Embedded anti-American sentiment is a common theme of modern productions, and this one only touched on it: the flag waving Sorrow as his mother kills herself was particularly effective. Overall, however, the general thrust towards realistically portraying the stereotype of Japanese culture in the nineteenth century was done successfully. The strongest aspect of the production is probably its lack of any seriously offensive gestures or content: defined by its own terms, it is in essence and in particular a crowd-pleaser, a vehicle for great singers.
The Japanese style house (with stylized backdrops of the outside world, revealed as screens within five large windows/doors rise and lower) are the frame for the action; yet I couldn’t help but feel that this house exists in multiple locations. Or, perhaps this feature implies that the house exists in some kind of dreamscape? This could be too gratuitous an interpretation but it was almost as though Butterfly--with the very clever poses and rigid motions by Moshe Leiser and Patrice Caurier--was the quintessential butterfly trapped in a cage, helpless to break free from the bonds of her sacrifices, confined by her own emotions and a victim to no one.
Hui He was a breathtaking Cio-Cio-San. The role is difficult because it demands intense stamina; a flair for lyricism and the theatrical; an almost unforgivable range of vocal color; and a consummate confidence that must be continually presented as demure subtlety. He sang the role with most of these most of the time, no easy task, and at moments--“Un bel di vedremo” especially--displayed a stunning amount of commitment that filled the ornate hall with a dark tone full of color. The movements given to her, especially at the end, where a bit much; undoubtedly meant to evoke her fight against her tragic fate, they unfortunately read simply as sloppy.
Roberto Alagna gave an inspired performance as Pinkerton. The misguided American is not particularly suited to his bold, lyrical voice and perhaps it is the role’s brevity that enables him to sing it in major houses. Nevertheless, Alanga still has verve, style, and that je ne sais quoi French attitude that makes for bold, thrilling performances.
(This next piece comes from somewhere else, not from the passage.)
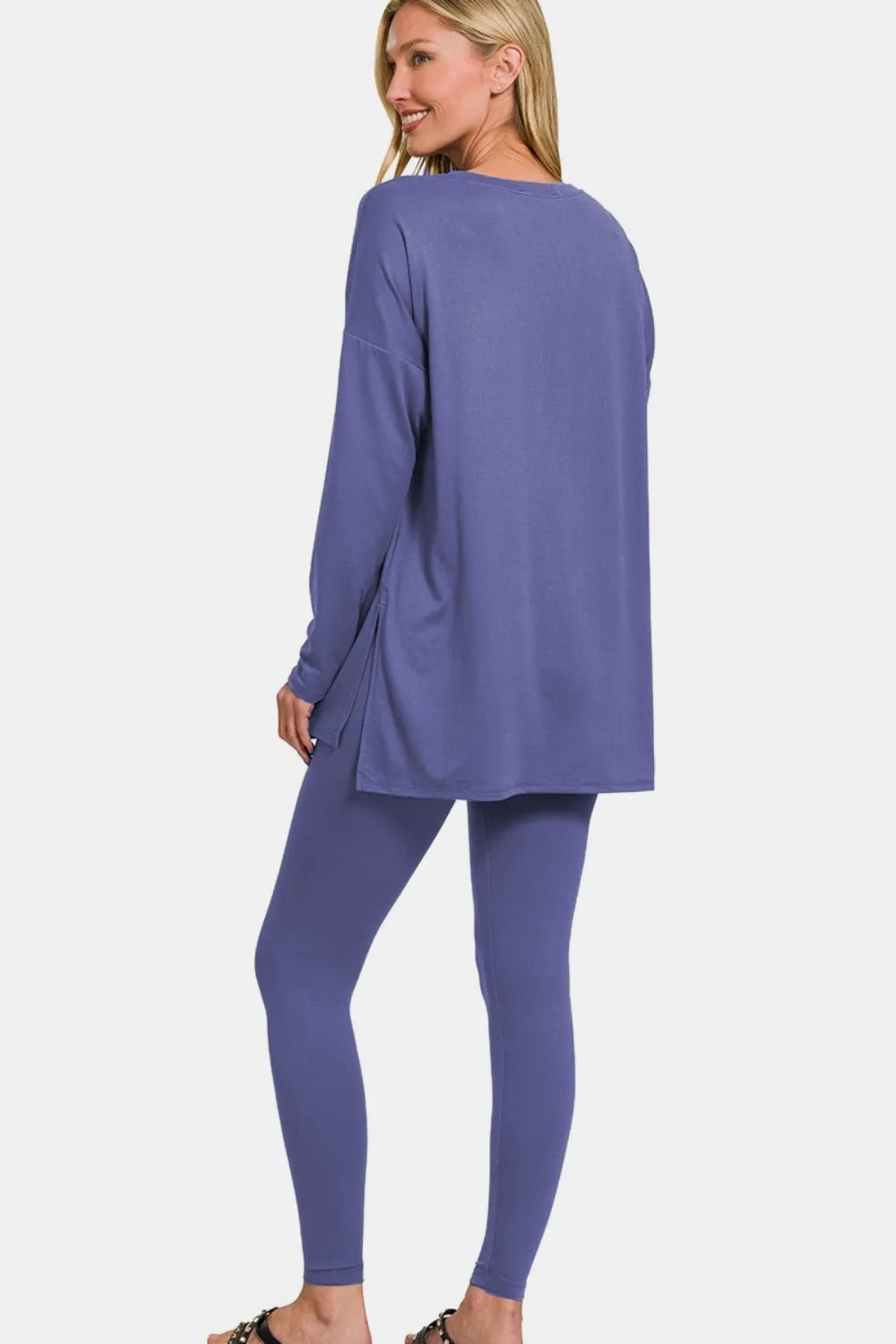 Zenana Full Size Brushed Microfiber Top and Leggings Lounge Set - Marlin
Although his acting will probably forever need work, it’s a bit late in his career to be forcing new habits.
Jossie Pérez as Suzuki was perhaps more secondary than she should have been; in ENO’s production of Buttefly, for example, Suzuki is better defined by her actions and tasks, not just by the vocal demands of the role. Here, it seemed like she was consistently trying to leave the stage rather than truly commit to the role. Still, Pérez inhabited her character expertly, but one wished for slightly less metallic edge in some of her more beautiful phrases.
Giovanni Meoni was a quite capable Sharpless. His full, honey-like bass-baritone is delicous for the ears. Dramatically he made a good balance to Alagna, and you could hear him better more often than the supertenor. The short duet between He and Pérez was ironically taken slightly too fast, but this is probably the fault of Josè Miguel Pèrez-Sierra, who, in an understandable attempt to fulfill the modern expectation for expansive Puccini, took the whole opera far too slow. It certainly was not just me that noticed this: the singers’ muscle memories were struggling to sing ever-so-slightly slower throughout most of the performance, but especially in Acts I and II. What was perhaps even more frustrating was the seemingly flippant attitude Pèrez-Sierra took whenever Alagna sang. The conductor seemed to have no problem taking his phrases slightly faster than any other singer. Supertenor strikes again.
The production is definitely worth seeing if you find yourself in Spain; come July a new cast will be taking over that includes Patricia Racette and Stefano Secco. Of course, as mentinoed, the Liceu has found a fantastic vehicle for star-singers.